WASHINGTON – Attorney general nominee William Barr said that, if confirmed, he would lead the Justice Department independent of political considerations.
“If confirmed, I will serve with the same independence I did in 1991. At that time when President [George H.W.] Bush chose me, he sought no promises and asked only that his attorney general act with professionalism and integrity,” Barr told the Senate Judiciary Committee during his confirmation hearing on Tuesday.
He added: “Likewise, President [Donald] Trump has sought no assurances, promises, or commitments from me of any kind, either express or implied, and I have not given him any, other than that I would run the department with professionalism and integrity.”

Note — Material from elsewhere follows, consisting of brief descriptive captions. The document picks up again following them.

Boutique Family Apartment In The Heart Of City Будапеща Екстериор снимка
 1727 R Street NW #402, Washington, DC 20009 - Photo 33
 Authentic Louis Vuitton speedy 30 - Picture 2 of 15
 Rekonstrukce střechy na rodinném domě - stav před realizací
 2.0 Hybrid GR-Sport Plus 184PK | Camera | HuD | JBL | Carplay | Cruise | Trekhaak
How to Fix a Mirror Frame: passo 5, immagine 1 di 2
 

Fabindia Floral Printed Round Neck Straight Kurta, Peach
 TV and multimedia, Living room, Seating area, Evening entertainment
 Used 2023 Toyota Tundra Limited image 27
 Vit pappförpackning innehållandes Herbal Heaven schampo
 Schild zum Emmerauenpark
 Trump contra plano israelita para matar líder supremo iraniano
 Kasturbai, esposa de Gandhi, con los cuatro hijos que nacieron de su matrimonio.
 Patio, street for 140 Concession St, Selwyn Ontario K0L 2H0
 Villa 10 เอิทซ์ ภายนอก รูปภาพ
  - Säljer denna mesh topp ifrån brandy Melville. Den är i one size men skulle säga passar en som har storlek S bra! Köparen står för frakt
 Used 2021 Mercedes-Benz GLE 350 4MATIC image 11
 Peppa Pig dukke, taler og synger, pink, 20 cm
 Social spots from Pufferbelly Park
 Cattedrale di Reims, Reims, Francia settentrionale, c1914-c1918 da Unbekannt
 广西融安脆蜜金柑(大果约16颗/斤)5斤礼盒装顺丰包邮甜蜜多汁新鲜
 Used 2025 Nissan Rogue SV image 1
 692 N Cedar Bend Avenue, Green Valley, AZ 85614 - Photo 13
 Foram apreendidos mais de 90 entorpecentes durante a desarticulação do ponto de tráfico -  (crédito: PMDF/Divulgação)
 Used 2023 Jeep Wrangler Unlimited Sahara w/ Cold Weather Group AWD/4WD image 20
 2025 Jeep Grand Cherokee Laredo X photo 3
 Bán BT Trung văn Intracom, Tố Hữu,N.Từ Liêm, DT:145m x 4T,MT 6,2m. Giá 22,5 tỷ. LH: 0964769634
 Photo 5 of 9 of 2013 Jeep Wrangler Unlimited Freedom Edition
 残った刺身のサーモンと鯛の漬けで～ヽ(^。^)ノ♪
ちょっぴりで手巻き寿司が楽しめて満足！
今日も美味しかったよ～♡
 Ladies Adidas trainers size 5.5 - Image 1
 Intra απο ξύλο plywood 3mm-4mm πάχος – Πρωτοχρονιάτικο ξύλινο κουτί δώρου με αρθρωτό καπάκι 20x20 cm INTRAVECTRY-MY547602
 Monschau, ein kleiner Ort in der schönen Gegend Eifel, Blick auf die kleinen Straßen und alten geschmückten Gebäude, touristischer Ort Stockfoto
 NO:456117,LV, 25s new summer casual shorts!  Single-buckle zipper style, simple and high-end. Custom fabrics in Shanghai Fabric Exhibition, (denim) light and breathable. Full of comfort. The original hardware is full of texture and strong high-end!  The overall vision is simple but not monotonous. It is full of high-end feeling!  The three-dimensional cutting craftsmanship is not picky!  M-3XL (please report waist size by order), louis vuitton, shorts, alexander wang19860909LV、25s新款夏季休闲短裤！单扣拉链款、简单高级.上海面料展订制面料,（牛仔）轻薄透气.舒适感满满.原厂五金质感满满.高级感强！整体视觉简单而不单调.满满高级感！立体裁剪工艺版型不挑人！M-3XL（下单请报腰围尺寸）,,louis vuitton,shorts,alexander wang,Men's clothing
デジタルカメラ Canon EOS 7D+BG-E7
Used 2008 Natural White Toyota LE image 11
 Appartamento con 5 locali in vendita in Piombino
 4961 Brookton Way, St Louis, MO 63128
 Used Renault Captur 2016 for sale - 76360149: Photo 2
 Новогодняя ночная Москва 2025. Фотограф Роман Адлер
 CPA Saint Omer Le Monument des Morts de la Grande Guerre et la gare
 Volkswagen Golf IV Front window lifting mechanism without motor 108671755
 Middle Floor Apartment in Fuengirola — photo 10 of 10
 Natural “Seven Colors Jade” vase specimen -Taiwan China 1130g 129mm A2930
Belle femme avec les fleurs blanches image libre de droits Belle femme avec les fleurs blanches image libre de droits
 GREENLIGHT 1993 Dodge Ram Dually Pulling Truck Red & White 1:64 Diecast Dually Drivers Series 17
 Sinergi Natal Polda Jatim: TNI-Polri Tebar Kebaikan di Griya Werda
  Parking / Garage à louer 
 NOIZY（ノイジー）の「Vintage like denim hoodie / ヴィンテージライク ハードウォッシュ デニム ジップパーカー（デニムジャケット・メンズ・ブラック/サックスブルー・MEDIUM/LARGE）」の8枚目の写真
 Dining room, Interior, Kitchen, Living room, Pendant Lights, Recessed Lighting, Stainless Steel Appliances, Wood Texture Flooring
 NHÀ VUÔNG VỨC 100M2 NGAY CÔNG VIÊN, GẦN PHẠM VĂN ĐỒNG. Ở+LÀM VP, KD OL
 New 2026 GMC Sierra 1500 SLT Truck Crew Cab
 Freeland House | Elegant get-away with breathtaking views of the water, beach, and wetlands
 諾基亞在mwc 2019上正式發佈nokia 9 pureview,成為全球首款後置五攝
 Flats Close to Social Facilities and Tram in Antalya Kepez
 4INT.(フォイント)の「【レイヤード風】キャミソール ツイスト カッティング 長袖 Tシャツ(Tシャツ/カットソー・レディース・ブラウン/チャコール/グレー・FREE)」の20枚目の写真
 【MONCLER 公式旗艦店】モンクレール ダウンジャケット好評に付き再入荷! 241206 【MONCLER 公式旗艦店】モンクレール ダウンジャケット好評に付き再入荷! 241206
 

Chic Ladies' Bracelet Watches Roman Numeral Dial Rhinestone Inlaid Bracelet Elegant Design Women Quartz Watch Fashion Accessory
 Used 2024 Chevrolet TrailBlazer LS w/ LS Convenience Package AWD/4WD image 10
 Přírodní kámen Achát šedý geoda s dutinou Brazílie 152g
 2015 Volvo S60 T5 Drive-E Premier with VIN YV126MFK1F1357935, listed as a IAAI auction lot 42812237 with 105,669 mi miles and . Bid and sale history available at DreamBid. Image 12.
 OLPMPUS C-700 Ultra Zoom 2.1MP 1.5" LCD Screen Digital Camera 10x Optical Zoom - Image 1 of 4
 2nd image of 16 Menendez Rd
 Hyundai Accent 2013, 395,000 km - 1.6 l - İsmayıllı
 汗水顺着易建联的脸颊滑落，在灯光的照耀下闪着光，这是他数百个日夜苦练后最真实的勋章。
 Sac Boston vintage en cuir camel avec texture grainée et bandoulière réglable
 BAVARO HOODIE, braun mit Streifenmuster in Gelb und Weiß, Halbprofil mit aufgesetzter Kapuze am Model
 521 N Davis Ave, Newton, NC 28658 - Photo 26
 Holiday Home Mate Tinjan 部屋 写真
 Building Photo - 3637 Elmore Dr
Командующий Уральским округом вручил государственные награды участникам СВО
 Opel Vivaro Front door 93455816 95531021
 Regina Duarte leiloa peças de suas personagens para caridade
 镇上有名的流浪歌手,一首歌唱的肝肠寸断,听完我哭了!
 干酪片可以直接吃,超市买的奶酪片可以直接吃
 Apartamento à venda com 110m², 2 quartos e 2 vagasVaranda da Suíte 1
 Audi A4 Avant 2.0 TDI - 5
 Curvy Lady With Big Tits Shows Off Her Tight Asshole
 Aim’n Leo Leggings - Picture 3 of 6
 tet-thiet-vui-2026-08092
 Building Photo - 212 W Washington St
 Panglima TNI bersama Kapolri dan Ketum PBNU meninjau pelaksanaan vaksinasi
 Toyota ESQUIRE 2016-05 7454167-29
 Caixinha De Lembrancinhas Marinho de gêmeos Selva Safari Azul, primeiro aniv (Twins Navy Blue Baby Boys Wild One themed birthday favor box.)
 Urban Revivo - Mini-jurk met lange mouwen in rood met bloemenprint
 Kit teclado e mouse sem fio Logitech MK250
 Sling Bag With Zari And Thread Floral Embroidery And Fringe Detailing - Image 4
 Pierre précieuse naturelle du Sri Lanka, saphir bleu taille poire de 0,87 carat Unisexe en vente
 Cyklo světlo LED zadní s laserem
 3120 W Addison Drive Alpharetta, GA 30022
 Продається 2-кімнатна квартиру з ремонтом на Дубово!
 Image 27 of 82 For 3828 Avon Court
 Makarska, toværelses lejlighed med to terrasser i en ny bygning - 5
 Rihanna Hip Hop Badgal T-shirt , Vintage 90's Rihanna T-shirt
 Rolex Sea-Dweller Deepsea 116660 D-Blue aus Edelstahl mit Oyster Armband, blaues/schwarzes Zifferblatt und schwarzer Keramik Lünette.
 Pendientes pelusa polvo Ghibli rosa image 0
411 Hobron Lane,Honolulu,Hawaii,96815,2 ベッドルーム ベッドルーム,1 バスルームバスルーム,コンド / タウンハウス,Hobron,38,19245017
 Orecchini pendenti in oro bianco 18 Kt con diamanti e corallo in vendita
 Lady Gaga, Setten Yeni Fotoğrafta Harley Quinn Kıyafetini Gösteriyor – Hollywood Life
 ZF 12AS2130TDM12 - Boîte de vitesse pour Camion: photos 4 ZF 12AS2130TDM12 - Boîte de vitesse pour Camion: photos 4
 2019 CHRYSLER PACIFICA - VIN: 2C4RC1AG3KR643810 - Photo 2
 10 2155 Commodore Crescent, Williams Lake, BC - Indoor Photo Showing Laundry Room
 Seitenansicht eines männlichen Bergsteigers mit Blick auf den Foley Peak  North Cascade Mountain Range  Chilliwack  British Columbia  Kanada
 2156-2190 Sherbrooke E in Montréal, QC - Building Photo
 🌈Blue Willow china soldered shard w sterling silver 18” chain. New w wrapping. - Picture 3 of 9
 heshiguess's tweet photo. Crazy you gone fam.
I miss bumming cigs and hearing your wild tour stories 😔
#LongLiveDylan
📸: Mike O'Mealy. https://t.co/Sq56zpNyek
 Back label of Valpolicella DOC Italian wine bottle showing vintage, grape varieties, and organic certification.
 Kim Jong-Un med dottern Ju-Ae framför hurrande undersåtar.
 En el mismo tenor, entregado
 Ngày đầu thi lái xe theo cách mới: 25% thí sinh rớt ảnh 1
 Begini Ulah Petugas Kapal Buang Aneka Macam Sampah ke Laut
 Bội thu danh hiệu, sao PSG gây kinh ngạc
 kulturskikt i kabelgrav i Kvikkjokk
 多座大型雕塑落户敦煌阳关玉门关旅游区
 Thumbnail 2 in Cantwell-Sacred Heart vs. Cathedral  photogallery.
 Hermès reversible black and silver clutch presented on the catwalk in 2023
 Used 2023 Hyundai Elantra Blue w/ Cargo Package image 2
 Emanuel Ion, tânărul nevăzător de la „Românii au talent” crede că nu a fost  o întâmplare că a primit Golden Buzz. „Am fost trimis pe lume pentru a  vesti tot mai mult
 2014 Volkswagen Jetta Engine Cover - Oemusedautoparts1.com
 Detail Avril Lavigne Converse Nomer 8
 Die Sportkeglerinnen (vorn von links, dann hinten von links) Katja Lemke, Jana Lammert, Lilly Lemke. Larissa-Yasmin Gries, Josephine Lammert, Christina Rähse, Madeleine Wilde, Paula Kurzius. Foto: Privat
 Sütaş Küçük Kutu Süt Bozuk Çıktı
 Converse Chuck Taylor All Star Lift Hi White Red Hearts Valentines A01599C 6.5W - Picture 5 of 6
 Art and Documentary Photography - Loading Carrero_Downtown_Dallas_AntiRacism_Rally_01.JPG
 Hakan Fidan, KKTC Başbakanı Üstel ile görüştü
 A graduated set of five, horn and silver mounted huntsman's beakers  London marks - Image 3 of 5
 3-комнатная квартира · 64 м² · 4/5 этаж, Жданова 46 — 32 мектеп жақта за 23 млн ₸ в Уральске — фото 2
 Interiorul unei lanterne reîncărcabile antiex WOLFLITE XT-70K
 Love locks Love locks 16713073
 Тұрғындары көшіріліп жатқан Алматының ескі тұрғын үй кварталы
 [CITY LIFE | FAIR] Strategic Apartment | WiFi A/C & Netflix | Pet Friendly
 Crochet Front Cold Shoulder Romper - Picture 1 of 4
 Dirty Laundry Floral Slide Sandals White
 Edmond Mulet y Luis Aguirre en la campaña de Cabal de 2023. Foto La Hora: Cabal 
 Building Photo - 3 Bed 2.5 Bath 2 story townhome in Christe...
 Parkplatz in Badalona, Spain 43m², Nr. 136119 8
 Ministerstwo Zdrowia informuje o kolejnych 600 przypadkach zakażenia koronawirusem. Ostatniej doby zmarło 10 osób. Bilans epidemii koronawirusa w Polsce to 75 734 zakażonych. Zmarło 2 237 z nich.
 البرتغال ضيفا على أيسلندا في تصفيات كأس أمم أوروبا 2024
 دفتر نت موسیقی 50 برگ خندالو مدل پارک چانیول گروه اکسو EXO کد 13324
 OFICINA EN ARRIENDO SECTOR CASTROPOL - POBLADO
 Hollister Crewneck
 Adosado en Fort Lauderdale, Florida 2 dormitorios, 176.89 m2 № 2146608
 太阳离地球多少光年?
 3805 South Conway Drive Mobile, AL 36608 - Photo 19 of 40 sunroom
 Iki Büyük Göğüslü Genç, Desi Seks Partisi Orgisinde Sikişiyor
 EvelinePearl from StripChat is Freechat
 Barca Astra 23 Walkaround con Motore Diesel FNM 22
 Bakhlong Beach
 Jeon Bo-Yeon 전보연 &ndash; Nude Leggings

Barr has come under fire due to a Wall Street Journal report from last December related to an unsolicited memo he sent the Department of Justice last summer. In the memo Barr questioned the merits of Special Counsel Robert S. Mueller III’s investigation and expressed what many believe to be unconventional views about the limits of executive power.
Barr downplayed the significance of the memo, saying that it offered informal guidance and that such practice is common among former high-ranking DoJ officials.
Sen. Patrick Leahy (D-Vt.) asked Barr if the president could issue a pardon to a subordinate so as to prevent the disclosure of incriminating information.
“No. That would be a crime,” Barr replied.